# Mcgrgegor boxing sparring



## Headhunter (Feb 8, 2017)

So this was posted by his gym and lets just say it pretty much kills any ideas that he could beat mayweather. 

Conor McGregor releases boxing training video


----------



## Tez3 (Feb 8, 2017)

McGregor plays games, don't believe everything you see.


----------



## marques (Feb 8, 2017)

If it happens, he will win millions. Then he can retire in peace. Or continue MMA, without this (potential) loss affecting his MMA record or status. And if he wins, he will replace God (this inside CM mind).

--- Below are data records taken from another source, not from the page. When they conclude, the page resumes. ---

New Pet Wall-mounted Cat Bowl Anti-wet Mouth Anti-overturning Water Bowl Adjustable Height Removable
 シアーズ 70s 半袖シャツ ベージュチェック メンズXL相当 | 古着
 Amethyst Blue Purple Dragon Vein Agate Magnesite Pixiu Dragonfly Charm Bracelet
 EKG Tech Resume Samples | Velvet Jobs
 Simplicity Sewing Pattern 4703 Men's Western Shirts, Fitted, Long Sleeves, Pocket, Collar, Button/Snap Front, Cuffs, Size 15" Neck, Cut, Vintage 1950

He may also fight Nate Diaz in boxing, both got boxing licences recently (for the same State, I guess). More million$$...

McGregor business here.


----------



## Buka (Feb 8, 2017)

I'm with Tez, I ain't buying.


----------



## Monkey Turned Wolf (Feb 8, 2017)

I honestly dont care in the slightest. Mayweather is an amazing boxer, but all of his skills are devoted to the art of boxing. Mcgregor has learned the skills to make his audience excited about whatever fight he is in, and if he loses how to make excuses for it.

Either way, mayweather will make money, and mcgregor has a 50/50 opportunity to gain from it.


----------